DATA FOR THIS TASK:
◇ ◇ ◇ ◇

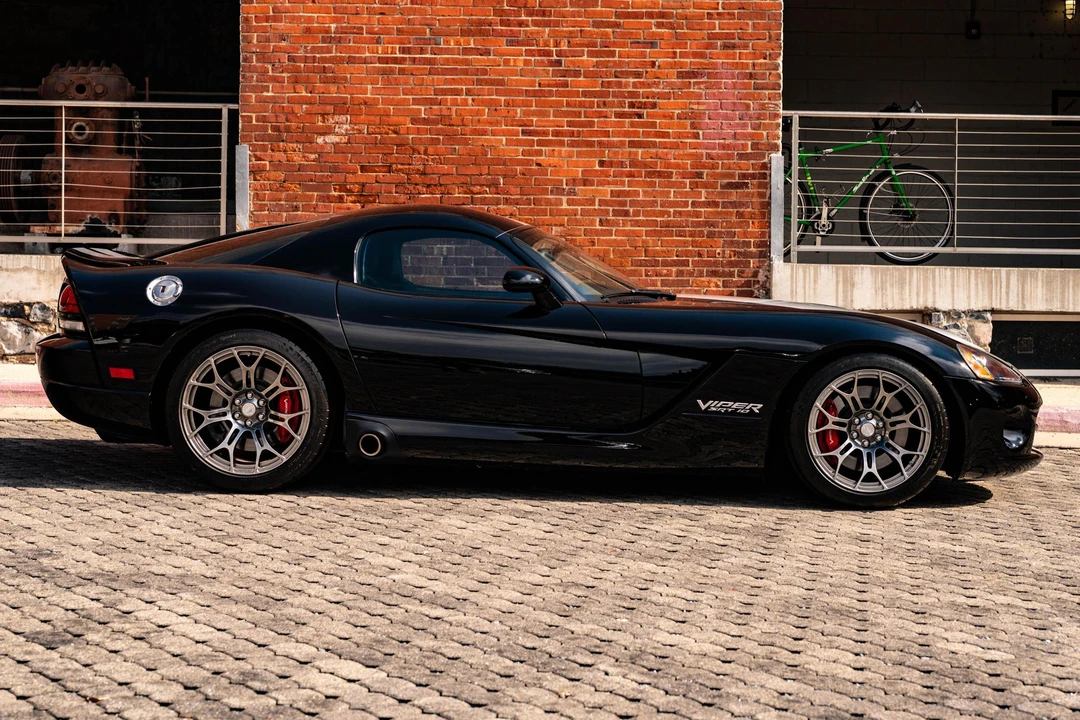 2006 Dodge Viper 3rd Gen - Image 3 of 31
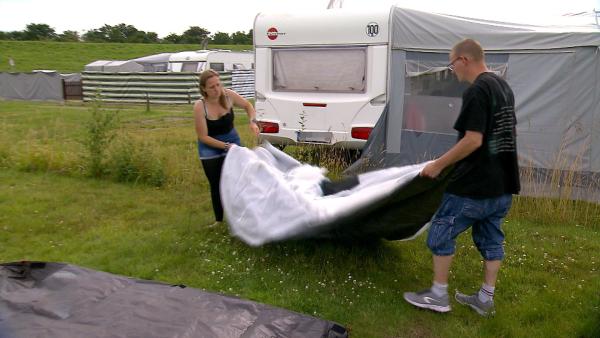 Bild 1 von 3: Farina und Markus wollen zelten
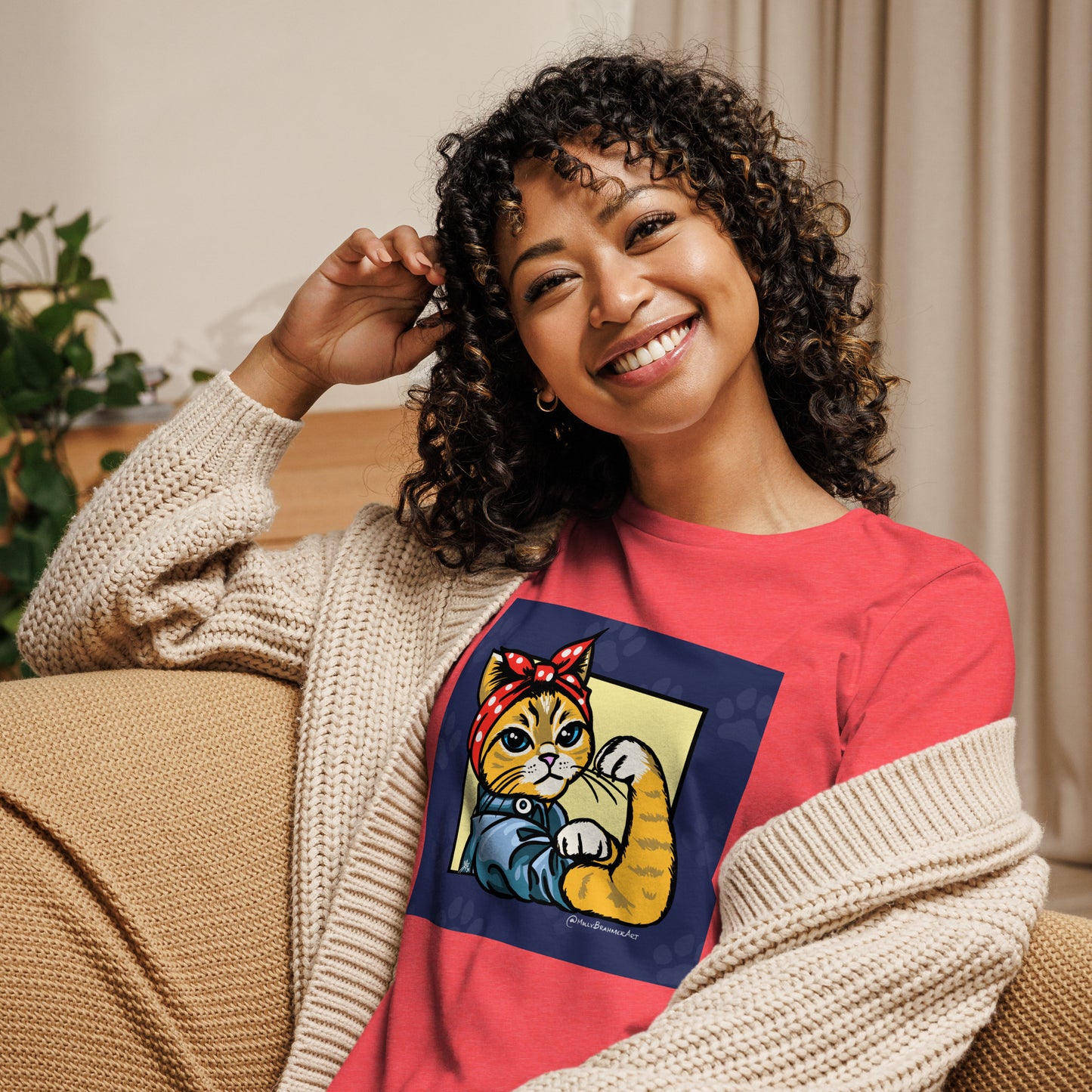 Meowsie the Riveter Women's Relaxed T-Shirt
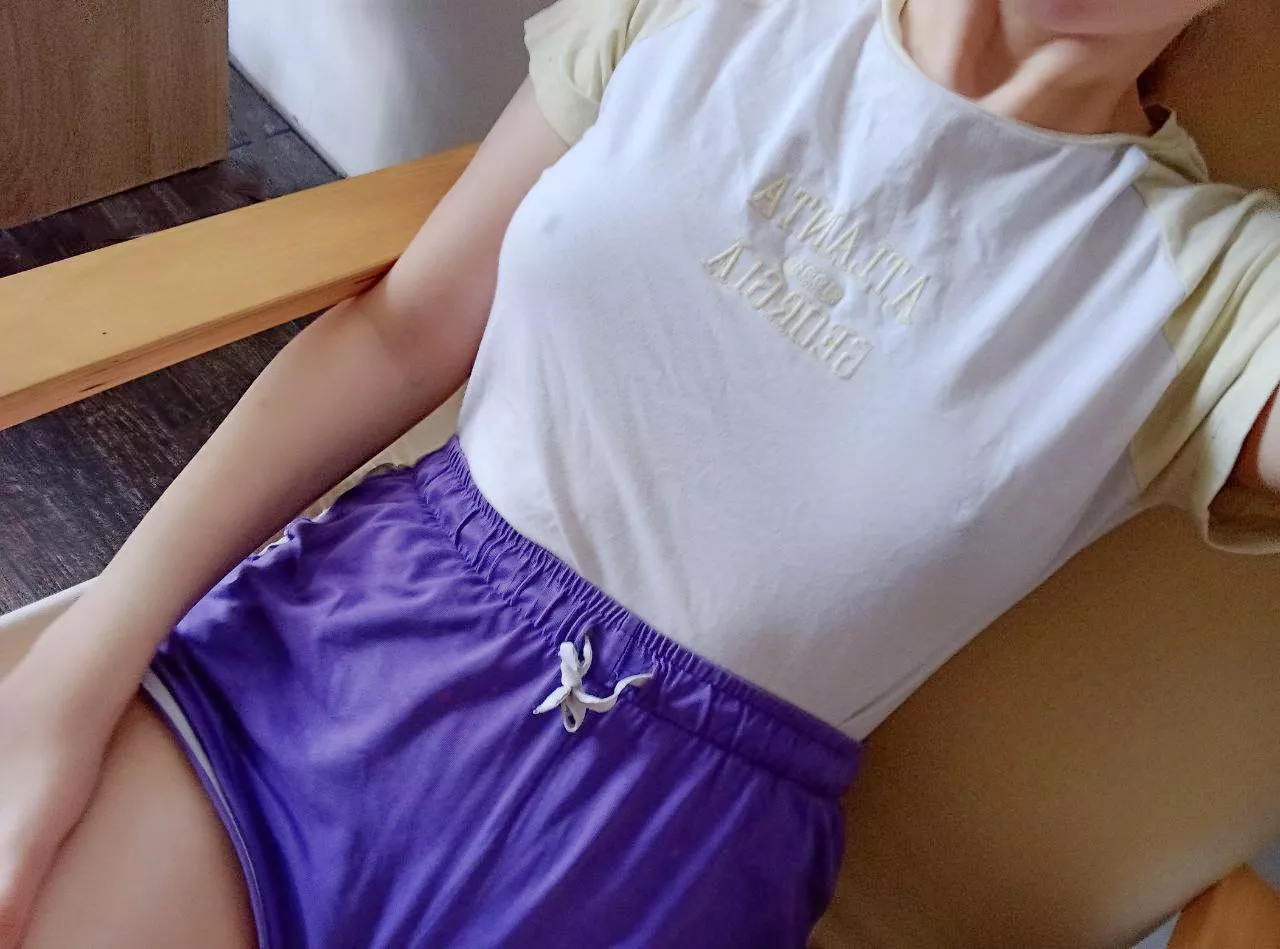 No bra is always a good idea! posted by pixiiie_chloe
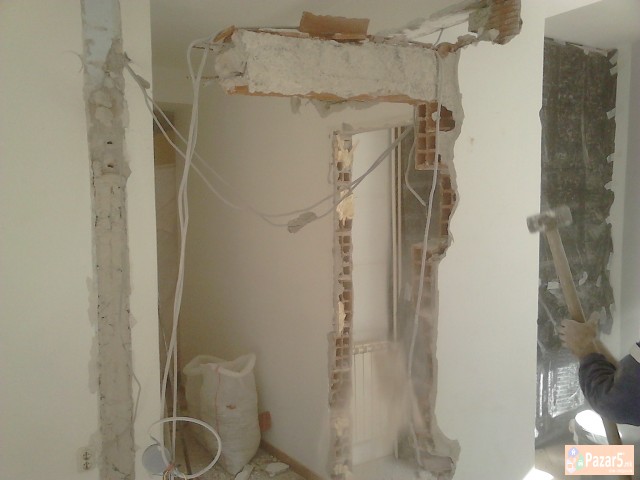 Citam Podrumi Frlanje Sut I Rusenje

◇ ◇ ◇ ◇

TASK DIRECTIONS: Output a faithful copy of the data, with each picture left out.

WRITTEN SOLUTION:
 2006 Dodge Viper 3rd Gen - Image 3 of 31
 Bild 1 von 3: Farina und Markus wollen zelten
 Meowsie the Riveter Women's Relaxed T-Shirt
 No bra is always a good idea! posted by pixiiie_chloe
 Citam Podrumi Frlanje Sut I Rusenje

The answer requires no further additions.